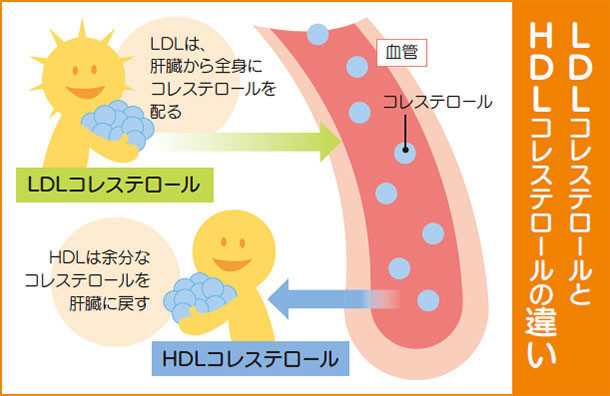 悪玉コレステロール 庶民のゴルフ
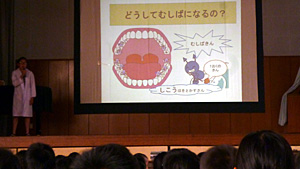 歯の集会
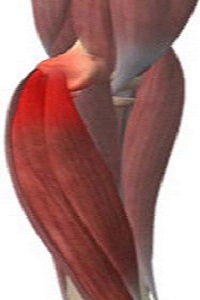Golfer's Elbow
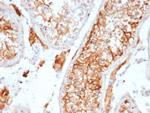 Inhibin, alpha (INHA) Antibody in Immunohistochemistry (Paraffin) (IHC (P))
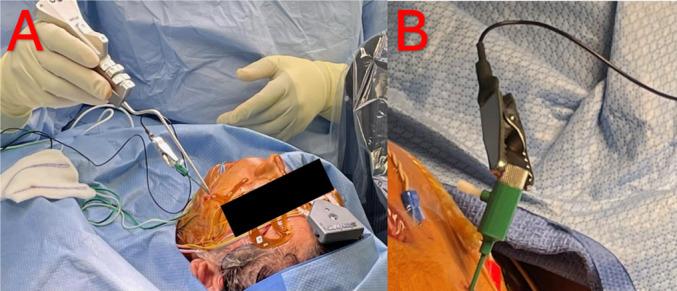 https://cdn.ncbi.nlm.nih.gov/pmc/blobs/7172/12141406/f4c1a48aec4b/701_2025_6575_Fig3_HTML.jpg
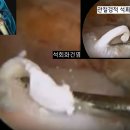 석회화건염ㆍ연관통을 아시나요 이미지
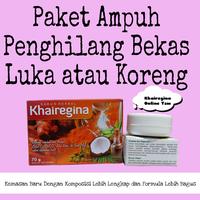 Gambar Salep Dan Sabun Penghilang Bekas Cacar / Bopeng / Jerawat / Luka - Cream dari Regina Herbal Store undefined 4 Tokopedia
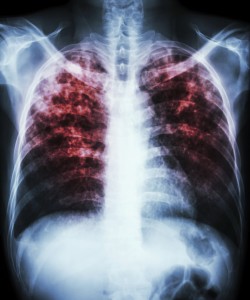 Treatment and Management of Latent Tuberculosis Infection in Lethargic Patient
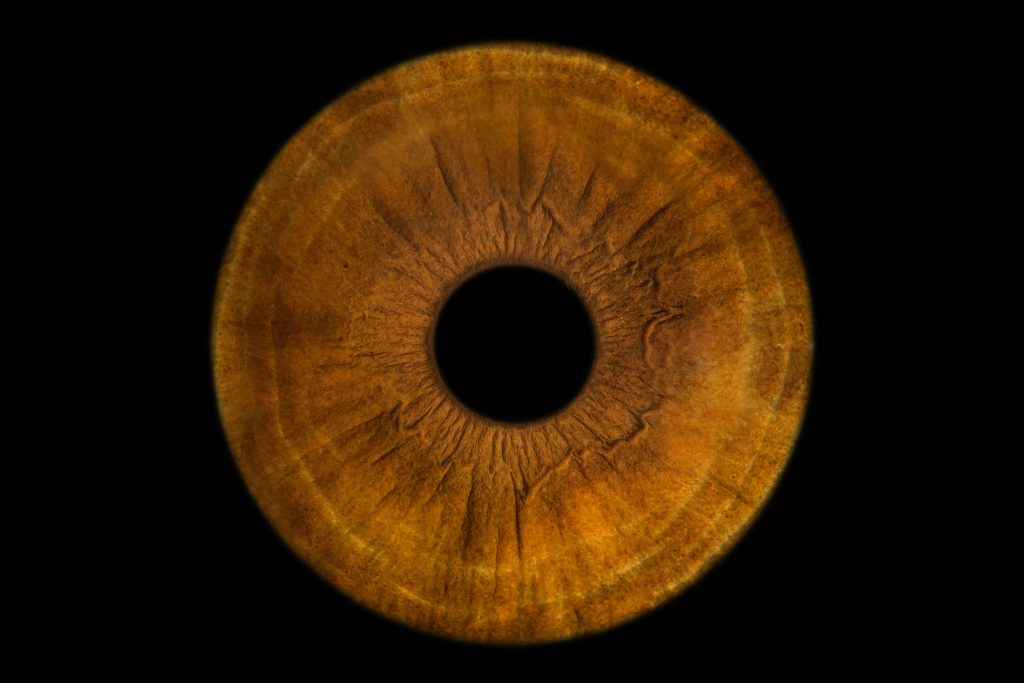 Irisfotografie, braunes Auge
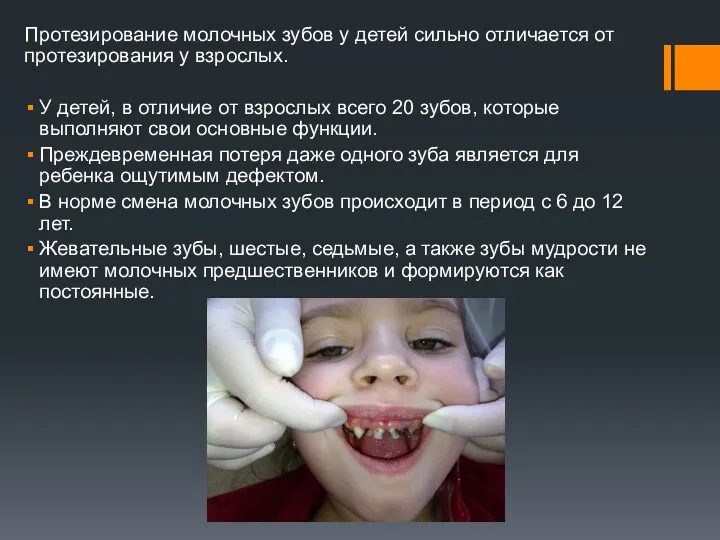 Протезирование молочных зубов у детей сильно отличается от протезирования у взрослых. У детей,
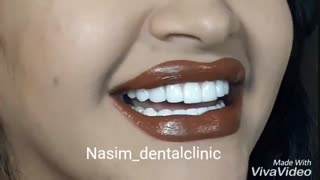 دندانپزشکی نسیم قیطریه-درمانگاه نسیم قیطریه-لمینت –-کامپوزیت-ونیر-ارتودنسی-ایمپلنت-کاشت دندان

-- -- --

_DESCRIPTION OF THE TASK_:
Beginning with the line that contains "Treatment and Management", output each line of the material above through the last one exactly as it stands. Do not include the pictures.

_TASK RESULT_:
 Treatment and Management of Latent Tuberculosis Infection in Lethargic Patient
 Irisfotografie, braunes Auge
 Протезирование молочных зубов у детей сильно отличается от протезирования у взрослых. У детей,
 دندانپزشکی نسیم قیطریه-درمانگاه نسیم قیطریه-لمینت –-کامپوزیت-ونیر-ارتودنسی-ایمپلنت-کاشت دندان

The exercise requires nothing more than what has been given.